In living, walking on September 29, 2009 at 6:21 am

We stayed in the city this weekend, and on Saturday went for a walk in Central Park.

As we turned a corner a field full people all dressed in white, came into view. “Oooh! Look they’re playing cricket.  How civilized!” said Isaac. “Funny, whenever I’ve seen cricket matches in the Park they’ve been further south,” I replied.  And just as I had gotten that out, Isaac chuckled and said, “No, not cricket … croquet!”

And he was right.  There, on a perfectly manicured emerald square were a dozen men and women wearing white from the tops of their hats to the soles of their shoes, sipping coffee and warming up for a croquet tournament.  Stumbling upon the match from Alice in Wonderland would have been only slightly more surreal than our real world discovery.

But don’t go running off to the park with your whites and mallet.  As with most highly civilized pursuits there’s a high degree of bureaucracy involved; all players are required to carry a permit.

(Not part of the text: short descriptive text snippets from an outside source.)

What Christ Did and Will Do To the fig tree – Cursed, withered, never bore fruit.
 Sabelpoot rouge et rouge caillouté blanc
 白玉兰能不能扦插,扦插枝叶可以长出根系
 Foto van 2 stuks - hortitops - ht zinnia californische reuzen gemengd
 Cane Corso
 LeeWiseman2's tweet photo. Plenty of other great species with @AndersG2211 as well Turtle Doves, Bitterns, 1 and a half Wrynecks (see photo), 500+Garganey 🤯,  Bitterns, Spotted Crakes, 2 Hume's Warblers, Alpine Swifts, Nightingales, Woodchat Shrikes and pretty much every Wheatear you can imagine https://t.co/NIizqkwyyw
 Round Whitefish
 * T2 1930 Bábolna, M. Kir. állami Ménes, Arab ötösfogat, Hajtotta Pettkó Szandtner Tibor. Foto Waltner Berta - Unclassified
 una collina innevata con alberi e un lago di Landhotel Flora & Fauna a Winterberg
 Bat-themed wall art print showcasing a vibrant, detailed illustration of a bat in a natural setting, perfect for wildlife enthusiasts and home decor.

P.S. Here’s a couple great articles about the croquet, and some information on how to join in.

From the New York Times: Killer Croquet Games in Central Park and Crisp Whites, and the Crack of the Mallet.

And How to Get Involved from the New York Croquet Club.

Short & Sweet

In living, writing on September 23, 2009 at 7:08 am

I’m back, and I’ve got a little something up my sleeve.

Shorter, sweeter, lighters posts, and more of them.  I’ve spent a lot of time thinking about why I was having trouble keeping the Granny Cart fresh, and it came down to one thing: length.  The posts were too long, too ponderous.  I felt heavy thinking about them and trying to write them.  I felt constrained by their length and the necessity of keeping photos on a theme.  So I’ve chopped that up completely and given the site a new spin.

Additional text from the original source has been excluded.